The Demise of the Gold and Silver Bull Run is Greatly Exaggerated
Kitco Commentaries | Opinions, Ideas and Markets Talk
Featuring views and opinions written by market professionals, not staff journalists.
A few analysts are once again beating the drums for much lower gold and silver prices - supposedly just around the corner. They mistake the testing of a recent breakout for a turnaround in the main trend. In the process they are sowing confusion. Here are some charts that show the main trend, along with reasons why the price of gold and silver is on track for a sharp rise, thanks to bullish fundamentals.

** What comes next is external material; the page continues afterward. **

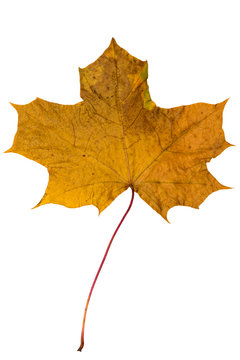 Dried bright brown maple leaf on a white background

In view of the fact that we expect mining stocks to lead the way, we will start with the HUI index of gold miners. Price has just finished a test of the January 2017 breakout. The green arrow points to confirmation of the uptrend that began at the blue arrow. This is referred to as an ‘ABC bottom”. The target for this breakout is 365. The supporting indicators are positive with room on the upside.
This chart courtesy Goldchartsrus.com shows the long-term trend in the US rate of inflation, along with the short-term trend in red. Both long-term and short-term rates are rising. This trend provides energy for gold and silver to rise.

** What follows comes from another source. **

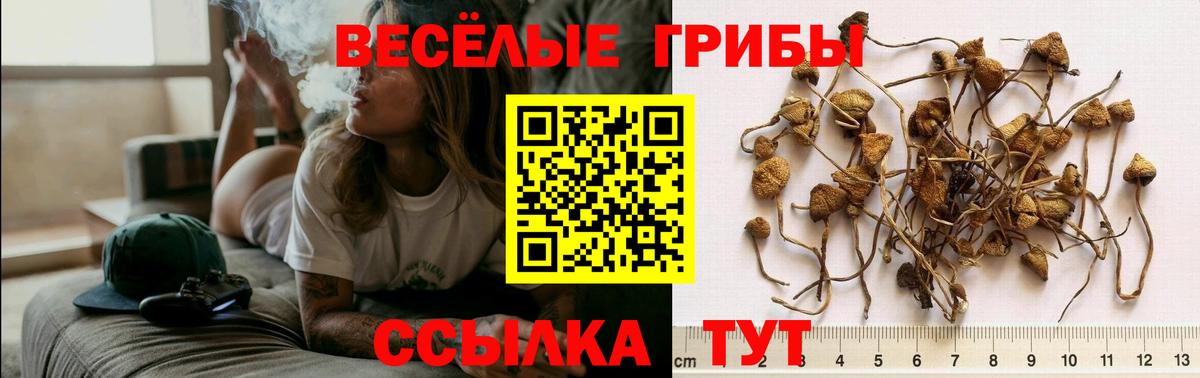 Кубинка  Галлюциногенные грибы Cubensis  Вход с VPN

Featured is the long-term gold chart in log format. Price has found support at the 150 month moving average. A breakout at the $1300 level will be very bullish and will set up a target at $2100.
Featured is the US dollar index. Price appears to be carving out a 'head and shoulders' pattern. The set-up will be confirmed in the event of a breakdown at the purple arrow. The target for this potential breakdown is at the green arrow. Gold and silver can be expected to benefit in the event. The supporting indicators are negative.
This chart shows the official US Federal Debt is closing in on 20 trillion dollars. It will never be repaid. It will be inflated away. Gold and silver will rise in price as a result, albeit in inflated currency.
Featured is a chart that compares gold to the US banking index, with gold again at the top. Major turning points in this comparison chart usually coincide with turning points in gold, as indicated by the vertical green and purple arrows. The breakout at the blue arrow, once it is confirmed by a rise above Monday’s range, is likely to lead to a surge in the price of gold.
Featured is a chart that compares GDX (the miners ETF), to the S&P 500 index. The pattern is an Advancing Right Angled Triangle (ARAT). The supporting indicators are positive. A breakout at the blue arrow will be very bullish for gold and mining stocks, and bearish for generic stocks.
This chart courtesy www.macrotrends.net is one of our most popular charts. It features the gold price compared to the US Monetary Base. The current ratio of 0.3 is just above the lowest reading in 100 years! This means gold is the cheapest in 100 years! The time to buy gold is when it is cheap in comparison to the Monetary Base (as now), and the time to sell is when the ratio rises above 3.5, as it did in 1980.
This chart courtesy Goldchartsrus.com shows the ‘real rate of inflation’. When the rate is below zero and falling (as now), we expect gold to rise in price, based on historical performance.
This chart courtesy Goldchartsrus.com shows gold holdings in trusts and ETFs are on the rise again.
This chart courtesy Smaulgld.com shows a major contributor to the current bullish fundamentals in gold. Chinese investors and jewelers purchased 179 tonnes of gold at the SGE in February. This was the highest number for any February on record! This amounts to well over half of all the gold that was mined during the month of February.
Featured is the index that compares silver to gold. For the past year silver has outperformed gold. A breakout at the blue arrow will cause the trend to pick up momentum. It will be bullish for gold but even more bullish for silver. The 50 week moving average is about to perform a 'bullish crossover'.
This chart courtesy Goldchartsrus.com shows holdings of silver bullion at trusts and ETFs is rising again, after a four month decline.